* PROBLEM STATEMENT:
Nothing but the pictures gets dropped; retype every entry exactly.

* Data extracted from a collection:
==================================================

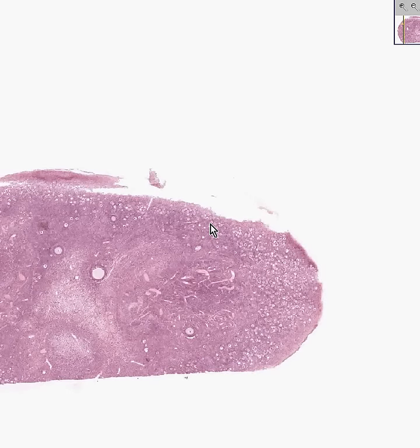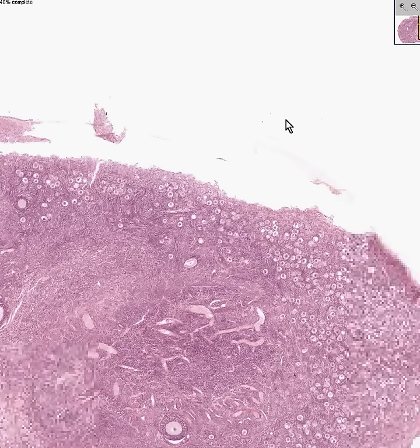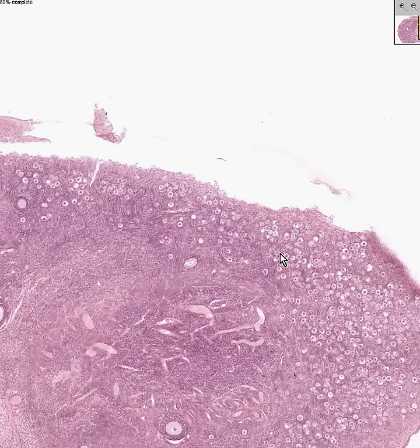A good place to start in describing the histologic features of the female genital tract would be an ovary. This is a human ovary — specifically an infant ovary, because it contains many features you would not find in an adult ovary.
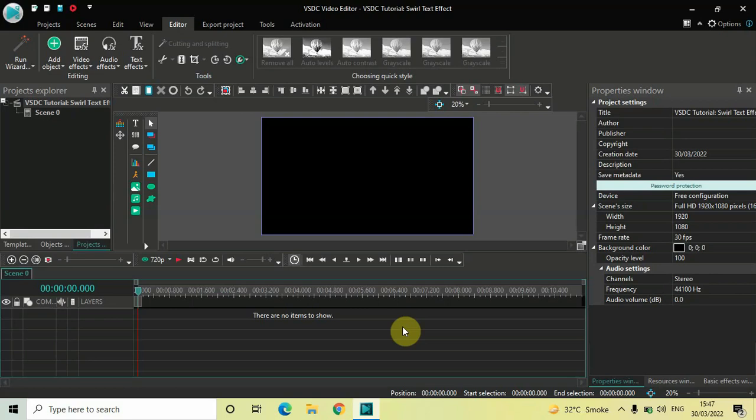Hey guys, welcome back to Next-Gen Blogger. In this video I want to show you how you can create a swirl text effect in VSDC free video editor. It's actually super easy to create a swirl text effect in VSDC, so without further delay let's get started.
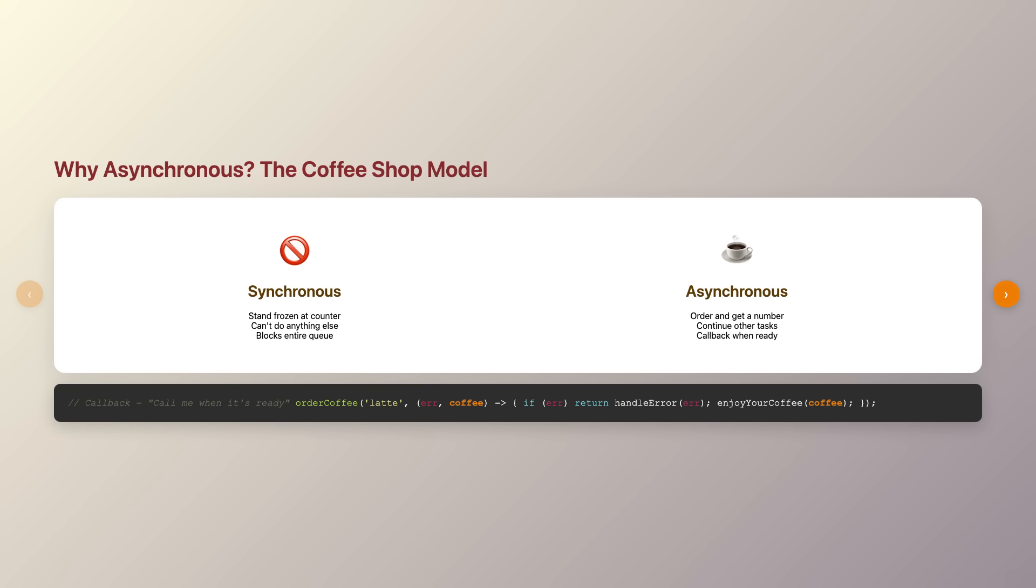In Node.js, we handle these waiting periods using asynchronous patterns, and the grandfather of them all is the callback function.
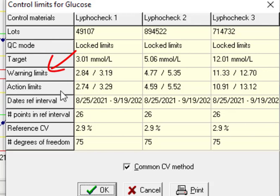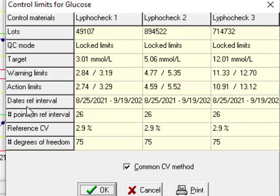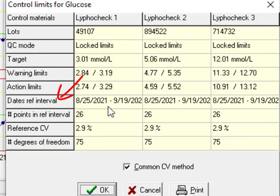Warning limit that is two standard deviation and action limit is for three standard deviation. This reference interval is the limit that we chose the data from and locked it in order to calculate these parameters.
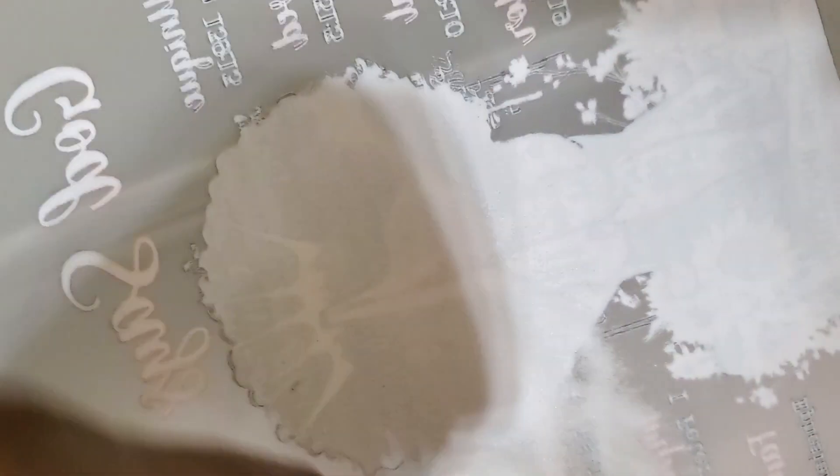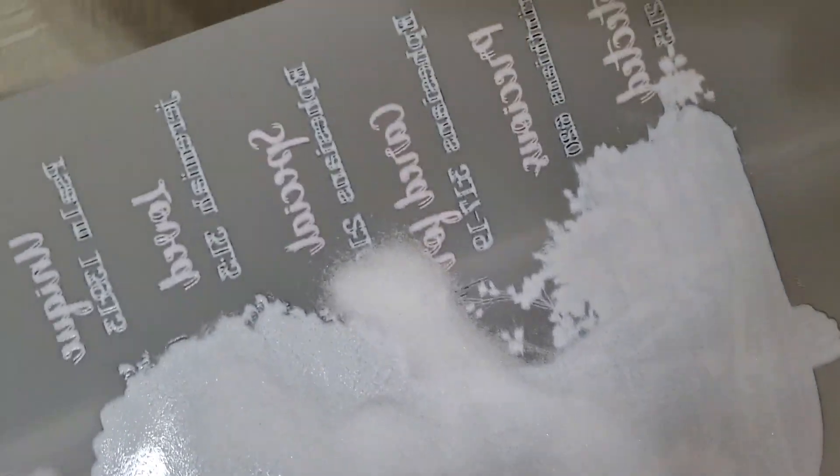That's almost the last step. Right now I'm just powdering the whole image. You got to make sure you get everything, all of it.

==================================================

* WRITTEN SOLUTION:
A good place to start in describing the histologic features of the female genital tract would be an ovary. This is a human ovary — specifically an infant ovary, because it contains many features you would not find in an adult ovary.
Hey guys, welcome back to Next-Gen Blogger. In this video I want to show you how you can create a swirl text effect in VSDC free video editor. It's actually super easy to create a swirl text effect in VSDC, so without further delay let's get started.
In Node.js, we handle these waiting periods using asynchronous patterns, and the grandfather of them all is the callback function.
Warning limit that is two standard deviation and action limit is for three standard deviation. This reference interval is the limit that we chose the data from and locked it in order to calculate these parameters.
That's almost the last step. Right now I'm just powdering the whole image. You got to make sure you get everything, all of it.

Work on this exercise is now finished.